- By John HudsonJohn Hudson is a senior reporter at Foreign Policy, where he covers diplomacy and national security issues in Washington. He has reported from several geopolitical hotspots, including Ukraine, Pakistan, Malaysia, China, and Georgia. Prior to joining FP, John covered politics and global affairs for the Atlantic magazine’s news blog, the Atlantic Wire. In 2008, he covered the August war between Russia and Georgia from Tbilisi and the breakaway region of Abkhazia. He has appeared on CNN, MSNBC, BBC, C-SPAN, Fox News radio, Al Jazeera, and other broadcast outlets. He has been with the magazine since 2013.
House Republican leaders fast-tracked a $1 billion loan package to Ukraine on Thursday, just hours after President Obama publicly called on Congress to stop blustering about the crisis and act.
Under a streamlined process, the House of Representatives voted 385-23 to allow the administration to guarantee private-sectors loans to Kiev’s cash-strapped government. The move allows for previously appropriated funds for Jordan to be used to cover loan guarantees for Ukraine — but does not deal with the contentious issue of punitive measures against Russia. Legislation authorizing the sanctions could be taken up as early as Friday but is more likely to be debated next week.
The vote marks the first Congressional action to bolster Ukraine, which is undergoing a geopolitical crisis following Russia’s occupation of its Crimean peninsula. On Thursday, House leadership expressed frustration that it had taken heat for being a "do-nothing Congress," when it acted faster than the Democratically-controlled Senate.
"The president knew this was being voted on this afternoon and he goes into the Brady Room and says Congress has to act on my words?" a Republican House leadership aide said. "For God’s sake. We’re doing what you want."
In recent days, Washington has been consumed by finger-pointing over Moscow’s land grab in Ukraine, with partisans on both side accusing the other of perceived foreign-policy weaknesses.
On Thursday morning, the Obama administration imposed visa restrictions on unnamed Russian and Ukrainian officials and authorized financial sanctions against Moscow. It stopped short, though, of freezing any assets of Russian officials. In the run-up to the administration’s move, Republicans ranging from Arizona Senator John McCain to Virginia Congressman Eric Cantor criticized the president for failing to get tough with Russian President Vladimir Putin.
"This is the ultimate result of a feckless foreign policy where nobody believes in America’s strength any more," said McCain.

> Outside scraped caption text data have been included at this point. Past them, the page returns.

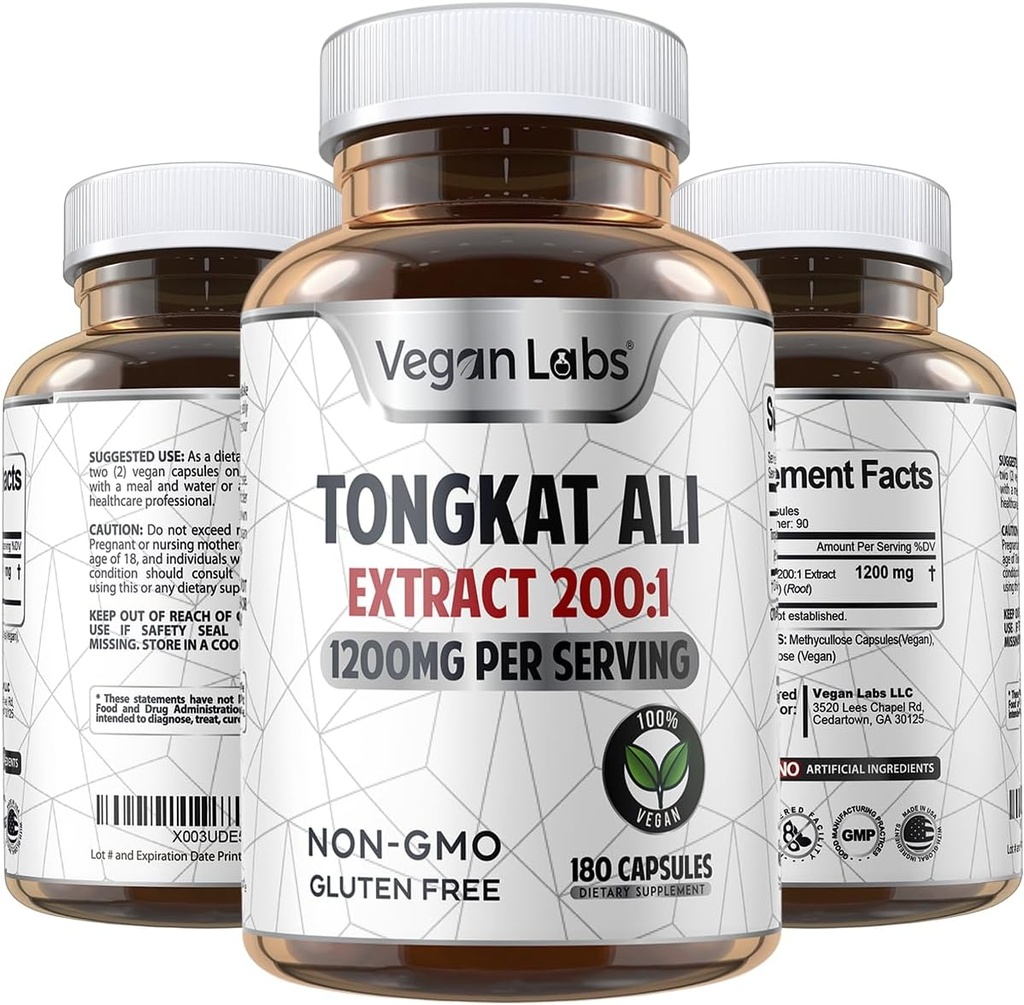 Vegan Labs Tongkat Ali 200: 1 Extract, 1200MG Per Servings- 180 Vegan Capsules- Wsparcie energii i Stamina- Gluten Free, Non-GMO Premium Suplement Jakości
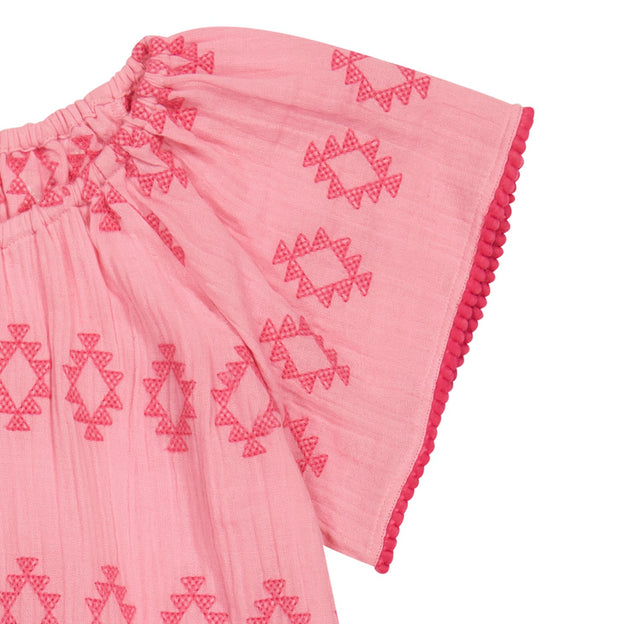 Mer St Barth Mini Capucine Girls' Coverup Rose Embroidery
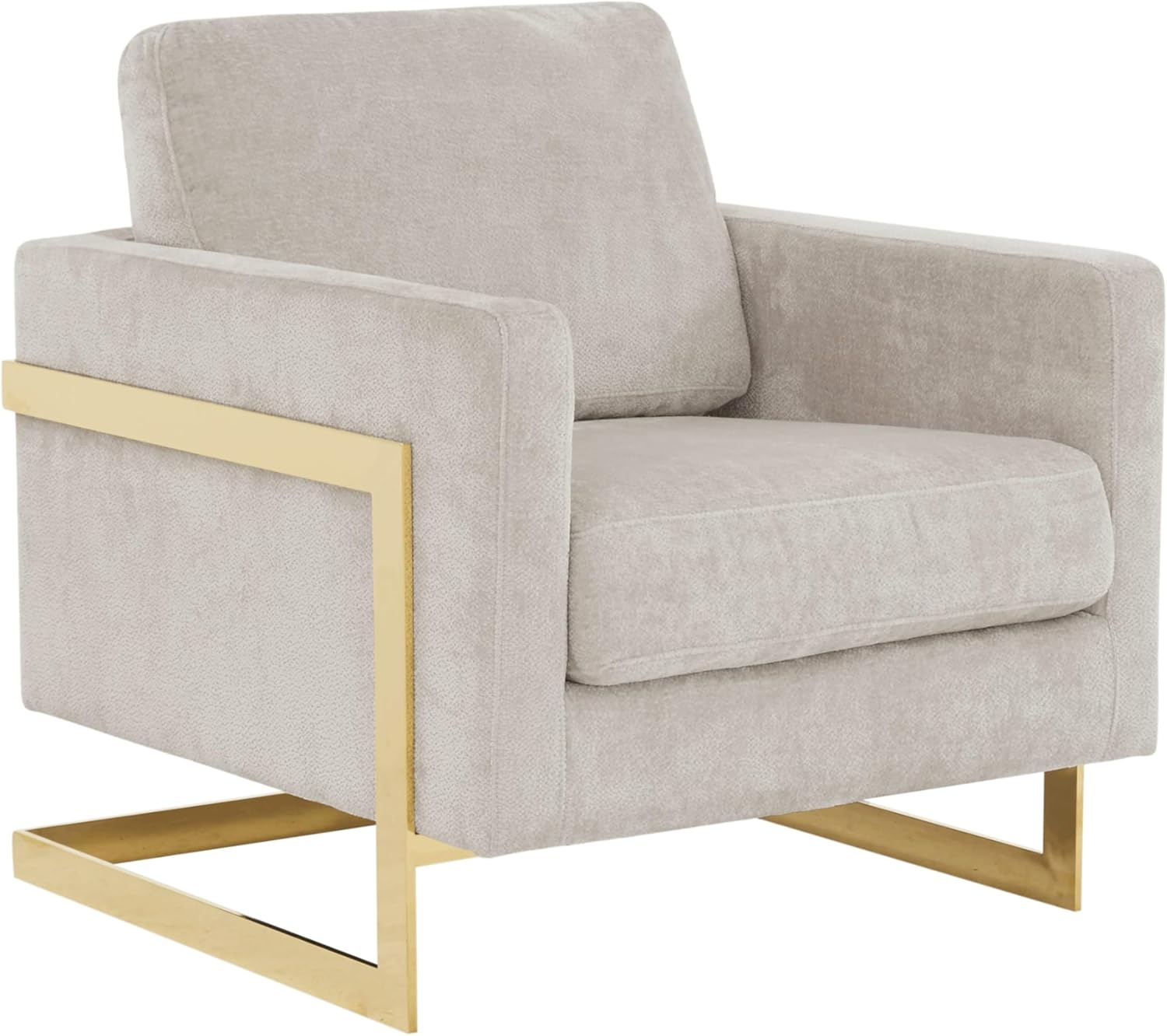 Lincoln Modern Upholstered in Fabric Single Seater Sofa With Gold/Black/White Metal Frame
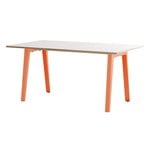 Ruokapöydät, New Modern pöytä 160 x 95 cm, valk. laminaatti - vaaleanpunainen, Vaaleanpunainen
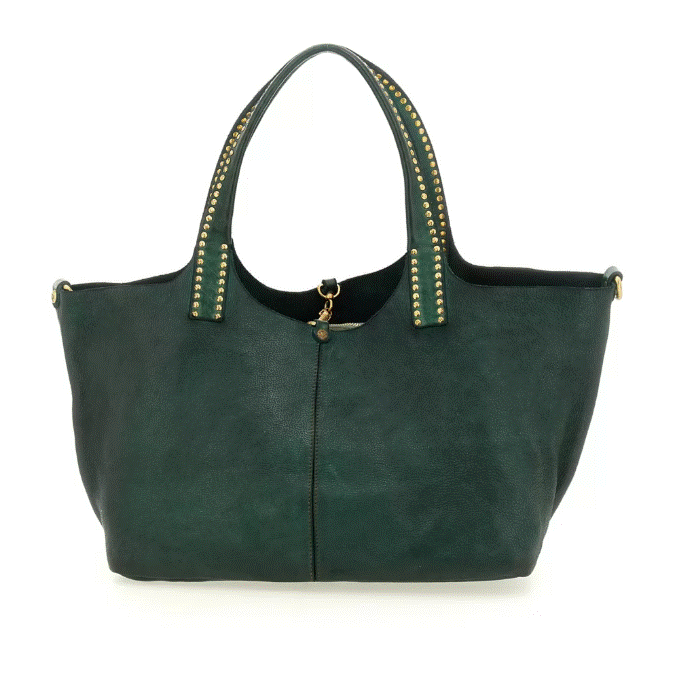 Campomaggi Kura Shopping Bag - Bottle Green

But the fast-tracking of the Ukraine aide package caught off guard committee aides in the House Foreign Affairs Committee, who still planned to introduce legislation dealing with a range of Ukraine issues, including funding for election monitoring, the $1 billion loan guarantee and punitive sanctions. "We were certainly surprised," said a committee aide. Following today’s vote, the committee plans to introduce a separate piece of legislation that deals with those remaining issues.
The ball now is in the Senate’s court to hold a similar vote as the House or pass a broader piece of legislation dealing with a range of issues pertaining to Ukraine. "That’s what is being worked on and discussed now," said a senior Democratic aide.